→ EXERCISE INSTRUCTIONS:
Provide again, from the entries below, every line from the one containing "Antique Imperial Marigold" through the one containing "141, SWARKESTONE ROAD, CHELLASTON, DERBY, DE73", exactly as written, and no other line.

→ SOURCE DATA:
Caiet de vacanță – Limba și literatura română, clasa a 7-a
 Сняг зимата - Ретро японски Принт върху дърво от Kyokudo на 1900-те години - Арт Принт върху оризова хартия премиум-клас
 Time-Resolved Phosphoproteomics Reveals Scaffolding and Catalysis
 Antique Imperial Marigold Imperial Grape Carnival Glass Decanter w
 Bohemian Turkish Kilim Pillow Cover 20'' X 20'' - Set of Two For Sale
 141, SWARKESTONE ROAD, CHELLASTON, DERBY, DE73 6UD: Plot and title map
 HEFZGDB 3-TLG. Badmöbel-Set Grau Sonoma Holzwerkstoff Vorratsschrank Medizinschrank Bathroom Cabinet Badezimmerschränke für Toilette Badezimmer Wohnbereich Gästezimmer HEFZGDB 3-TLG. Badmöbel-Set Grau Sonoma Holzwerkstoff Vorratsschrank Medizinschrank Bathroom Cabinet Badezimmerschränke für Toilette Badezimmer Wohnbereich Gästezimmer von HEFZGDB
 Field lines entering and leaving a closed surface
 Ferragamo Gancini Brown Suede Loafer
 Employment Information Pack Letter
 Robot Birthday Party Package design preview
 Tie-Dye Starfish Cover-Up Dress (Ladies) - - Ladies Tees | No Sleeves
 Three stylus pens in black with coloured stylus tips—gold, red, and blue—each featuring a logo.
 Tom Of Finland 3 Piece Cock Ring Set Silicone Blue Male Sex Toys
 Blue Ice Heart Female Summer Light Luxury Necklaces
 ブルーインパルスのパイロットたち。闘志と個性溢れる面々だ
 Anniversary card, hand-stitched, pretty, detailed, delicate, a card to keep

→ RESULT:
 Antique Imperial Marigold Imperial Grape Carnival Glass Decanter w
 Bohemian Turkish Kilim Pillow Cover 20'' X 20'' - Set of Two For Sale
 141, SWARKESTONE ROAD, CHELLASTON, DERBY, DE73 6UD: Plot and title map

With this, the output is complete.